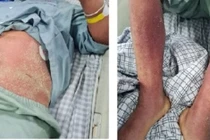 Sau khi mổ lợn một bệnh nhân nhiễm khuẩn huyết 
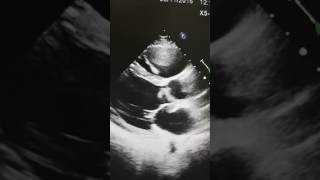 Case9 Echocardiography Aortic valve vegetation with aortic root absecce [upl. by Repotsirhc535]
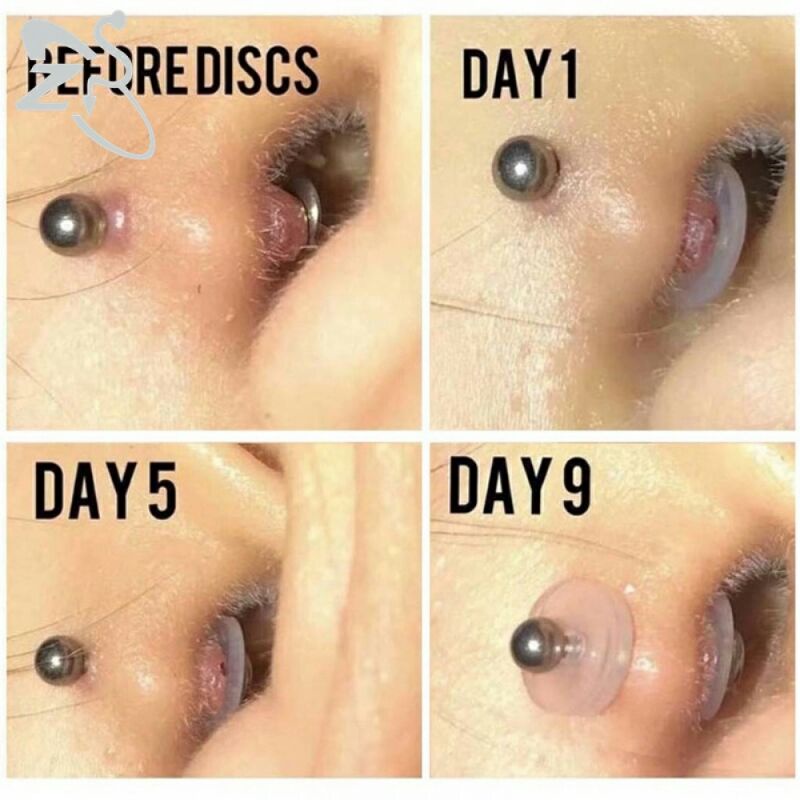 No pull piercing aftercare obat tindik keloid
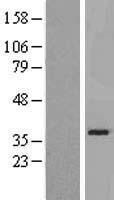 SLC25A21 Human Over-expression Lysate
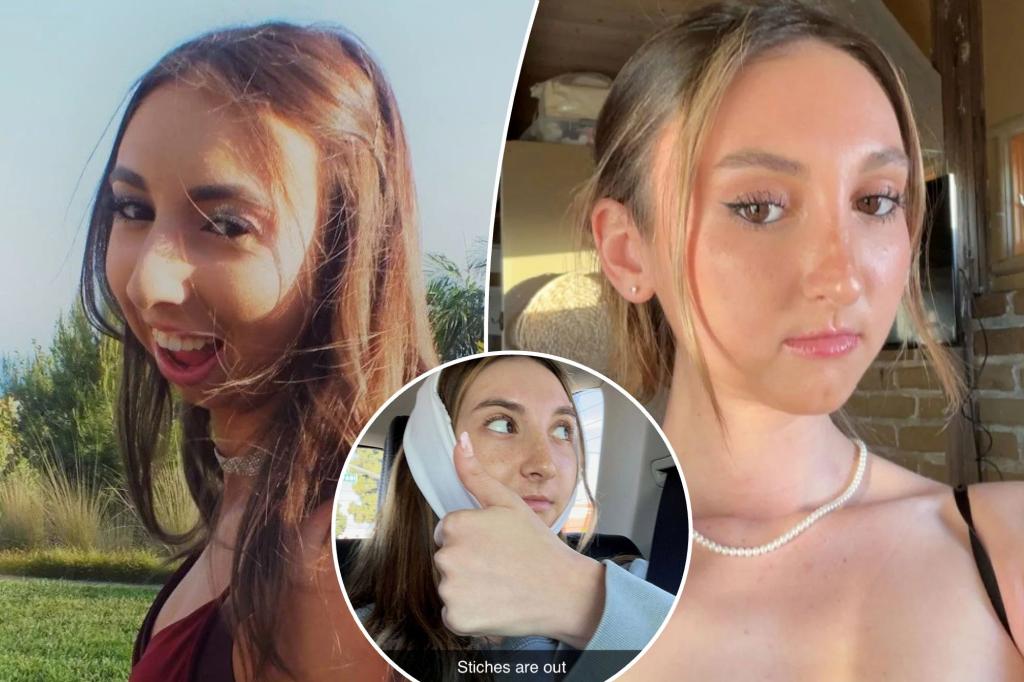 Bullied for Looking Like a Squirrel: Woman Spends $200K on Jaw Surgery.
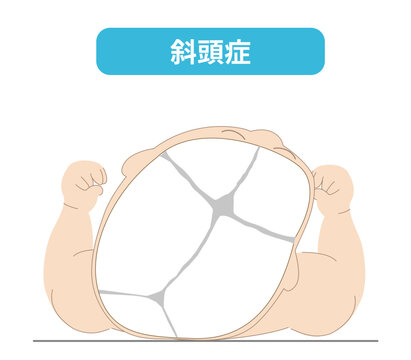 赤ちゃんが寝ている頭の向きによって頭の形に歪みが生じるメカニズム、斜頭症,短頭症,長頭症の赤ちゃんのイラスト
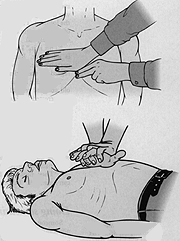 cardiac massage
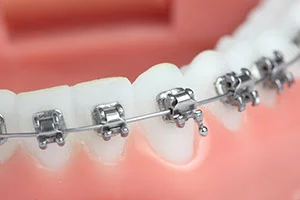 self ligating braces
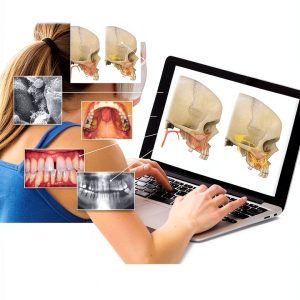 Periodontics Essentials by Elsevier Kindle eBook 1st Edition 339 Pages-0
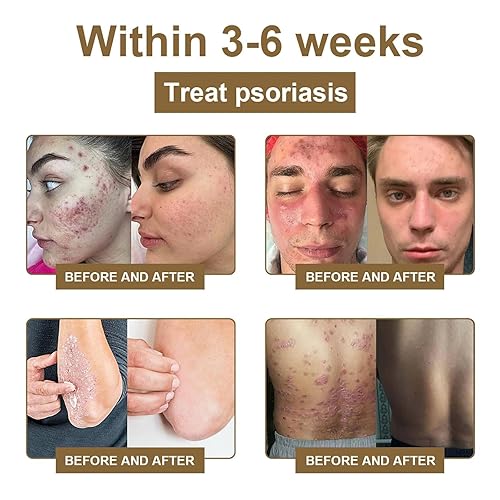 Miniatura 2 de Spray de tratamiento de veneno de abeja elimina manchas para hombres y mujeres, aerosol de decoloración de veneno de abeja, aerosol para la piel de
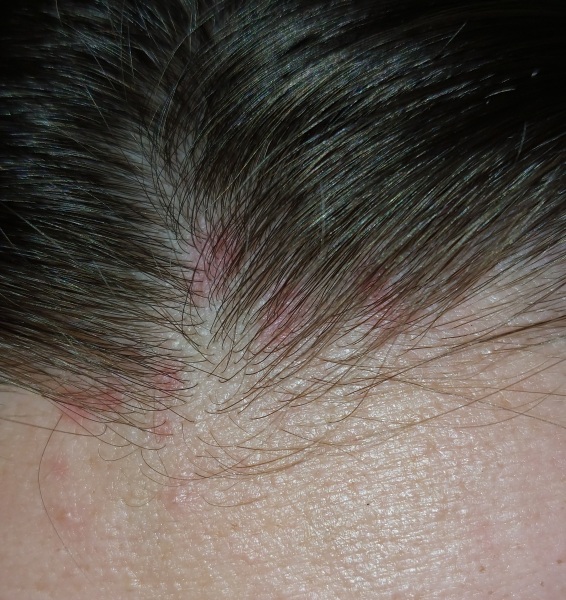 PLEASE HELP! Painful mystery rash on head!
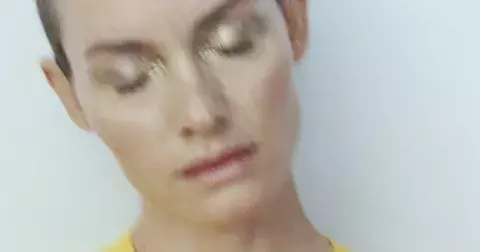 Baby botox: zákrok, který dokonale vypne pleť a nepřipraví o mimiku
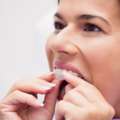 How To Choose The Best Invisalign In Andheri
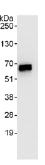 anti Apoptosis inhibitor 5 (ab99307), at 0.4 µg/ml, staining Apoptosis inhibitor 5 in HeLa whole cell lysate immunoprecipitated using ab99308 at 3 µg/mg lysate (1 mg/IP; 20% of IP loaded/lane). Detection: Chemiluminescence with an exposure time of 1 second.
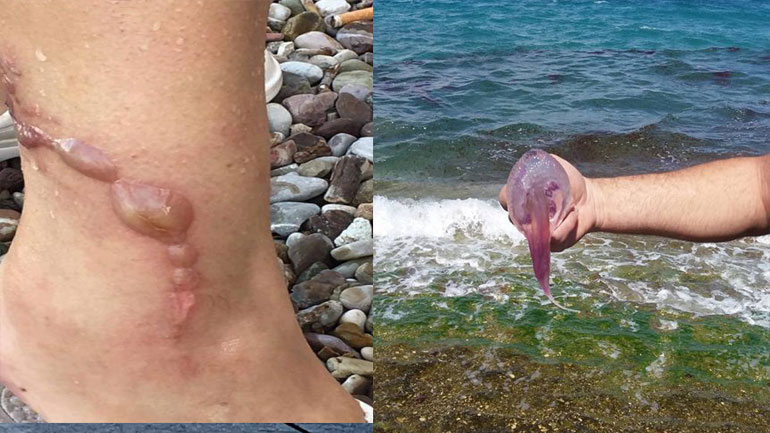 Συνεχίζεται η εισβολή μεδουσών στις ελληνικές θάλασσες – Στο νοσοκομείο λουόμενη στην Αχαΐα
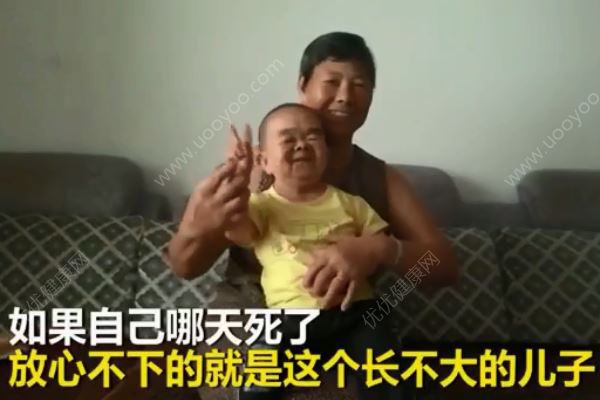 48歲兒子僅76厘米3歲智商永遠(yuǎn)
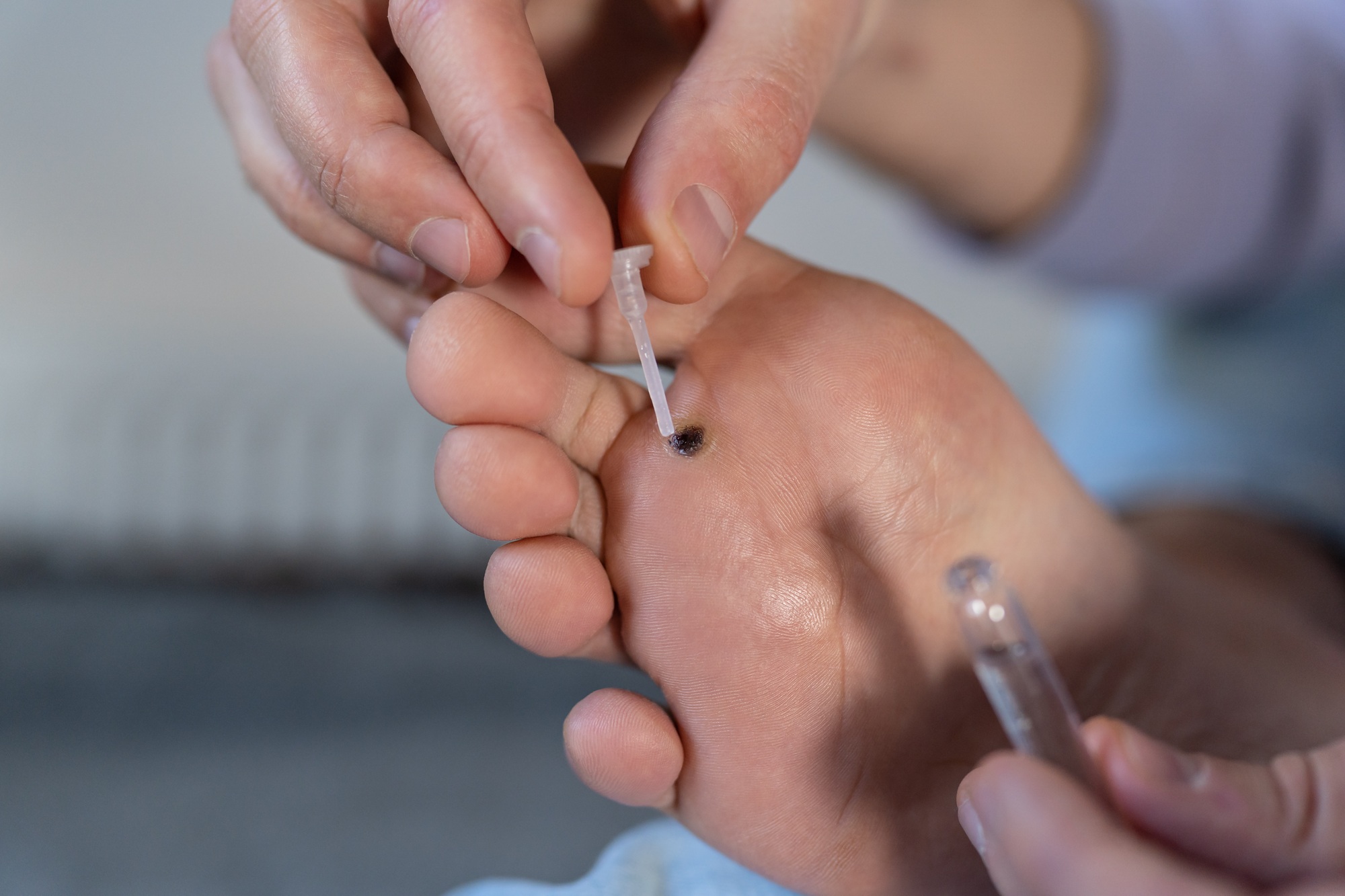 Alternative home treatment of verruca foot. Man applying liquid celandine extract on wart plantar.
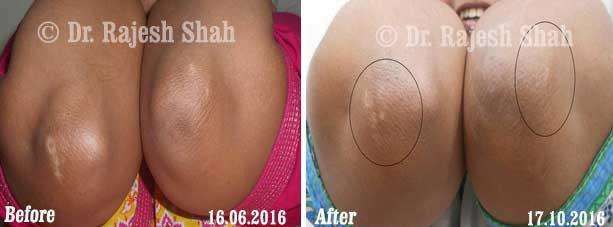 Vitiligo Before and After Case Photo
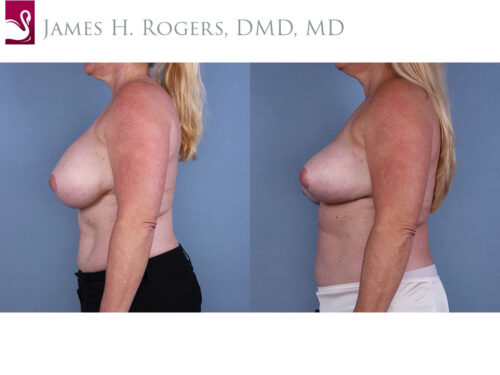 Breast Revisions Case #37642 (Image 3)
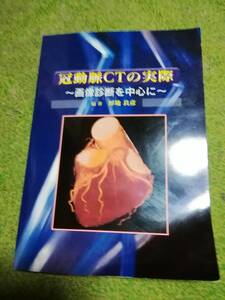 【送料無料】冠動脈CTの実際～画像診断を中心に～/暑地良彦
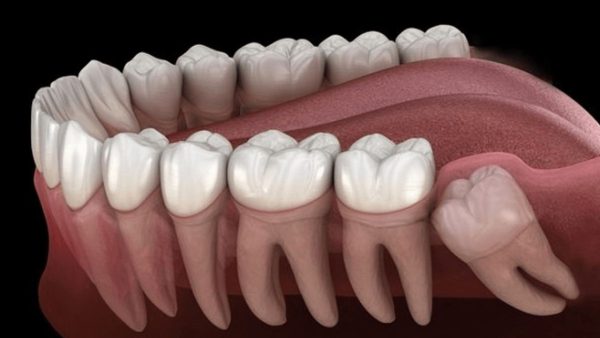Răng khôn là răng số mấy – Những trường hợp nên nhổ bỏ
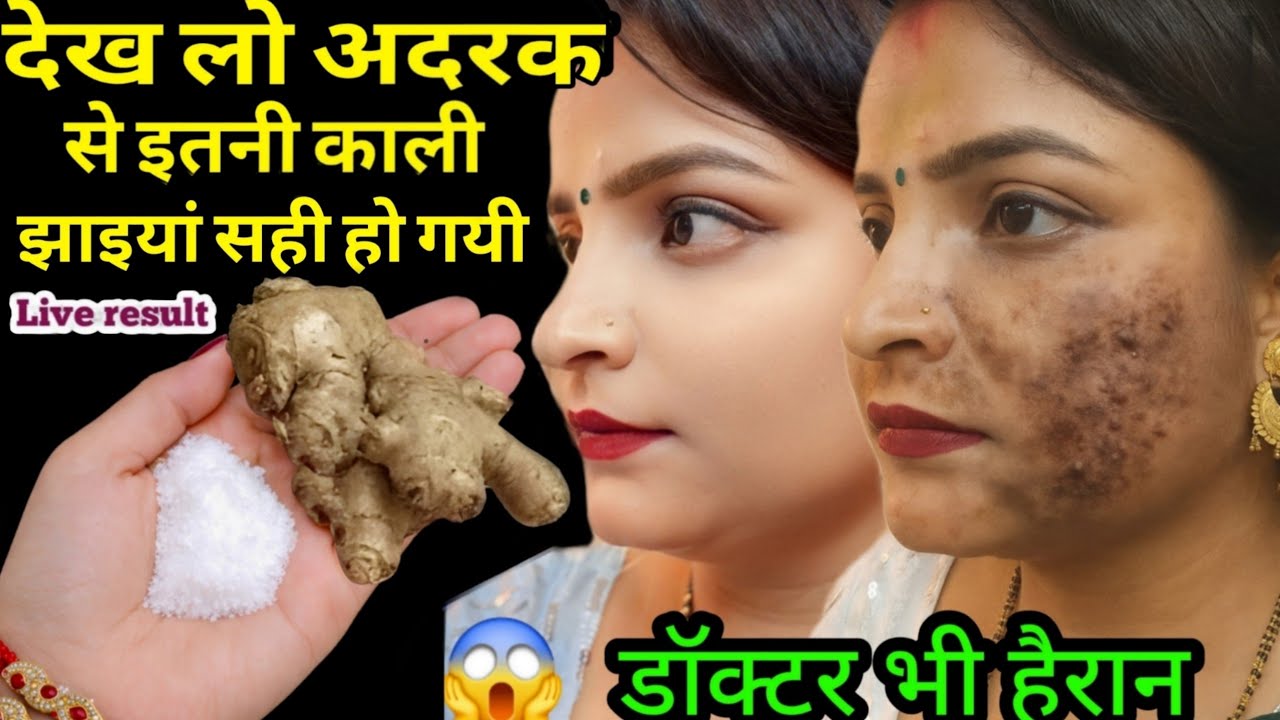 अदरक से झाइयां हटाने का कमाल का तरीका Reduce Melasma, Pigmentation, Discolouration Blackspots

> [Task to complete]:
Your reply should consist solely of the lines above from the line containing "How To Choose The Best Invisalign In Andheri" up to and including the line containing "anti Apoptosis inhibitor", reproduced exactly, minus the pictures.

> [The completed task]:
 How To Choose The Best Invisalign In Andheri
 anti Apoptosis inhibitor 5 (ab99307), at 0.4 µg/ml, staining Apoptosis inhibitor 5 in HeLa whole cell lysate immunoprecipitated using ab99308 at 3 µg/mg lysate (1 mg/IP; 20% of IP loaded/lane). Detection: Chemiluminescence with an exposure time of 1 second.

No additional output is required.